YOUR TASK:
Once you reach the line containing "Appartement Tres Calme" in the entries below, write out that line and each one after it down to the line containing "Casă cu 5 camere cu Teren 370 Mp în Romană", exactly and with nothing added.

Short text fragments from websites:
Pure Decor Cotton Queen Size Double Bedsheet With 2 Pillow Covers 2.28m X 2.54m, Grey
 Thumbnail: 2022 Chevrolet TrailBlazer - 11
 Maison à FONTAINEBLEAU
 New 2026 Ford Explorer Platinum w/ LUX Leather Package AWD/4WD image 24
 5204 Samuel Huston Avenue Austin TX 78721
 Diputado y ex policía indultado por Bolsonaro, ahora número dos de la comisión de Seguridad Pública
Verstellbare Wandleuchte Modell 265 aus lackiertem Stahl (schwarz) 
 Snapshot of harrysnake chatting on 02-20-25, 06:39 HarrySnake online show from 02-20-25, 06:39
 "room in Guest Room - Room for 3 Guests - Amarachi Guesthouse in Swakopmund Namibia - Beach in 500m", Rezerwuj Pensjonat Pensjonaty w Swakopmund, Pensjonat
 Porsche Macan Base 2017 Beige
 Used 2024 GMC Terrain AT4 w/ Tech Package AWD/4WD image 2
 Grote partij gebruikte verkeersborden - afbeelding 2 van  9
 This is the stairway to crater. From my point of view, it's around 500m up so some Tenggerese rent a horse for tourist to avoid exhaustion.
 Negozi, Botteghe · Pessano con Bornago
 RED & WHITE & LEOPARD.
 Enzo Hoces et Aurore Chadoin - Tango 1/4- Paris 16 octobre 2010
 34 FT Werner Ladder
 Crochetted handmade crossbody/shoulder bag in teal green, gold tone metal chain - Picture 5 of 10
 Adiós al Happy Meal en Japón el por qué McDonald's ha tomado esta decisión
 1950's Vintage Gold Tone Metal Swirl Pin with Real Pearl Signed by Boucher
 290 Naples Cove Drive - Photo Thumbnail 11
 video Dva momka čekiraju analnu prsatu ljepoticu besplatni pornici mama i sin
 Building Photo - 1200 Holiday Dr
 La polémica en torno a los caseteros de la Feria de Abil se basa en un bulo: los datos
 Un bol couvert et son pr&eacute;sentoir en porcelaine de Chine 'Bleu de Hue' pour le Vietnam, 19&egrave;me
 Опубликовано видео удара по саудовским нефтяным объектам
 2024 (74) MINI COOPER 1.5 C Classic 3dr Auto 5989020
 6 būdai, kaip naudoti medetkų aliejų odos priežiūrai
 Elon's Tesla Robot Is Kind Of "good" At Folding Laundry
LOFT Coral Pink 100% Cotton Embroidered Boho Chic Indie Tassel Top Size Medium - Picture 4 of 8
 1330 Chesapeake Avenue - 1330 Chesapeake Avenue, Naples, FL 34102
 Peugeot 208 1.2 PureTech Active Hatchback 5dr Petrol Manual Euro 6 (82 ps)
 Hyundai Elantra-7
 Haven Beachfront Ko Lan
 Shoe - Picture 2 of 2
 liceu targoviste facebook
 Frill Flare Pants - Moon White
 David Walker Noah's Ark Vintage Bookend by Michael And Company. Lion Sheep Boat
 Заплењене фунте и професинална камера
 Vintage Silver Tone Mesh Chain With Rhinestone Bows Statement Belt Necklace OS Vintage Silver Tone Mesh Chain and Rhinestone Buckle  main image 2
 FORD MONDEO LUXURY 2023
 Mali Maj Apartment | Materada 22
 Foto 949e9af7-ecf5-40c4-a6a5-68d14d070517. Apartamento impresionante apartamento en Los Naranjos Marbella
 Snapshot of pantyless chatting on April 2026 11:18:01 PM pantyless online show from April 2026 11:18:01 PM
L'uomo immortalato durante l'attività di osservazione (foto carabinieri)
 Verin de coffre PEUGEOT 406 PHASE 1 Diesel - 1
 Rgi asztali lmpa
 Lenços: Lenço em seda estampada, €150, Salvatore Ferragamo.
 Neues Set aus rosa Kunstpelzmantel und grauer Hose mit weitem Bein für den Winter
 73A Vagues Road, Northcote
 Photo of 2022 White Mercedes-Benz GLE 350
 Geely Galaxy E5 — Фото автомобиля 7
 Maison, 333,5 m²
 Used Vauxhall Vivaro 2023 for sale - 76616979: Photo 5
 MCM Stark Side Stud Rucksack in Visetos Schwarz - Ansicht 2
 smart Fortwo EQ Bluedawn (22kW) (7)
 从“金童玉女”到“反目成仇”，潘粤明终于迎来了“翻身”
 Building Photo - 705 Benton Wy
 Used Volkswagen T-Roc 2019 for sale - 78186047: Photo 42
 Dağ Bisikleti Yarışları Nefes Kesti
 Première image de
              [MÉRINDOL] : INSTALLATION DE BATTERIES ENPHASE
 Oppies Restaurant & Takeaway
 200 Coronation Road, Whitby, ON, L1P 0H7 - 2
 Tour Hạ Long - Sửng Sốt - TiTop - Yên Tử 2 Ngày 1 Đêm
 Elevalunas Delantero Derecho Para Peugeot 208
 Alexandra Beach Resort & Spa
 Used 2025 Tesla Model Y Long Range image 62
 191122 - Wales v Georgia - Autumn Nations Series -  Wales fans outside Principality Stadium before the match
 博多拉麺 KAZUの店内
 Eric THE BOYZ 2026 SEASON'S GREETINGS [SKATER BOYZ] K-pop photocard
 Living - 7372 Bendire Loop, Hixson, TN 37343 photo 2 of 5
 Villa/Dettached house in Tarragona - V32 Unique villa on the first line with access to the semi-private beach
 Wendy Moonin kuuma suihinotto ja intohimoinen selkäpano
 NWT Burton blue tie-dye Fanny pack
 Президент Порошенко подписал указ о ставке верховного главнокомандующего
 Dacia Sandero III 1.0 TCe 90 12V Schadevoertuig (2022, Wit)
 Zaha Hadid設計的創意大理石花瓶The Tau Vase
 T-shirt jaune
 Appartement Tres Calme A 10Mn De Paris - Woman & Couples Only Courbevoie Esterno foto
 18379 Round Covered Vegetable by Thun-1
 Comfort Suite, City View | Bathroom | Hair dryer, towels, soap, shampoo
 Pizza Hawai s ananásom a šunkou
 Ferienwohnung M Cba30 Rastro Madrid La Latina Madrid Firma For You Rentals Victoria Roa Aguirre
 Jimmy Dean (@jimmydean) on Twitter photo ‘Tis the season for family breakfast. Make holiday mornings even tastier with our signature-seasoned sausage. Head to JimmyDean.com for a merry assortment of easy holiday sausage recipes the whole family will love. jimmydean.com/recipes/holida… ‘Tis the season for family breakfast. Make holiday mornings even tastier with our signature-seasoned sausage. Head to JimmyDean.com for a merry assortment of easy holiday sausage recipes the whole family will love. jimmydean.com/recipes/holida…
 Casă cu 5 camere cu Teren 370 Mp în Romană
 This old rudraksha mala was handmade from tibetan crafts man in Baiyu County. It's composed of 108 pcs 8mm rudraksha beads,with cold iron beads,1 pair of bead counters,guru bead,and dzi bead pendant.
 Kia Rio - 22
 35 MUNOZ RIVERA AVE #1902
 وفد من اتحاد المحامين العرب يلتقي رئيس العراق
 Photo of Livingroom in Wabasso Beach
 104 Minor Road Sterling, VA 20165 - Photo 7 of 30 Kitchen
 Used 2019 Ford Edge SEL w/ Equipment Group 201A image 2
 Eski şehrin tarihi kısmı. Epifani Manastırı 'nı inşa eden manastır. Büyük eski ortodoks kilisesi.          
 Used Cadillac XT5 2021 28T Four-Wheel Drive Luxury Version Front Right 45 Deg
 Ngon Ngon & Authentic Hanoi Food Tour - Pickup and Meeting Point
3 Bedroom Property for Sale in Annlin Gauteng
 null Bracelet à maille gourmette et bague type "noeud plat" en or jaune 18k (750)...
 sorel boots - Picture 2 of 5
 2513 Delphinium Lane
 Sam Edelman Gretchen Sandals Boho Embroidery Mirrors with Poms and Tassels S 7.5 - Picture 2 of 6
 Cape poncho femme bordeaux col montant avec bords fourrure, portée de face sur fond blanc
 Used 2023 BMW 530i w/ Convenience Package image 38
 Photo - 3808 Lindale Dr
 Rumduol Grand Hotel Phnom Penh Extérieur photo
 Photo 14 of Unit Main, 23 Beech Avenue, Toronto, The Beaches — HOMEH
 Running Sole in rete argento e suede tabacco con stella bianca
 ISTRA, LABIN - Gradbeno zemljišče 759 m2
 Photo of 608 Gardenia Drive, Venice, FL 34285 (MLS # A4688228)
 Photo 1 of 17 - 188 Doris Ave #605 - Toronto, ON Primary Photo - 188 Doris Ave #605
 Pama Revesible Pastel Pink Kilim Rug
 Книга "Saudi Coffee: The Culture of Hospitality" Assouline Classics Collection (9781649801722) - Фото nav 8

PROBLEM SOLUTION:
 Appartement Tres Calme A 10Mn De Paris - Woman & Couples Only Courbevoie Esterno foto
 18379 Round Covered Vegetable by Thun-1
 Comfort Suite, City View | Bathroom | Hair dryer, towels, soap, shampoo
 Pizza Hawai s ananásom a šunkou
 Ferienwohnung M Cba30 Rastro Madrid La Latina Madrid Firma For You Rentals Victoria Roa Aguirre
 Jimmy Dean (@jimmydean) on Twitter photo ‘Tis the season for family breakfast. Make holiday mornings even tastier with our signature-seasoned sausage. Head to JimmyDean.com for a merry assortment of easy holiday sausage recipes the whole family will love. jimmydean.com/recipes/holida… ‘Tis the season for family breakfast. Make holiday mornings even tastier with our signature-seasoned sausage. Head to JimmyDean.com for a merry assortment of easy holiday sausage recipes the whole family will love. jimmydean.com/recipes/holida…
 Casă cu 5 camere cu Teren 370 Mp în Romană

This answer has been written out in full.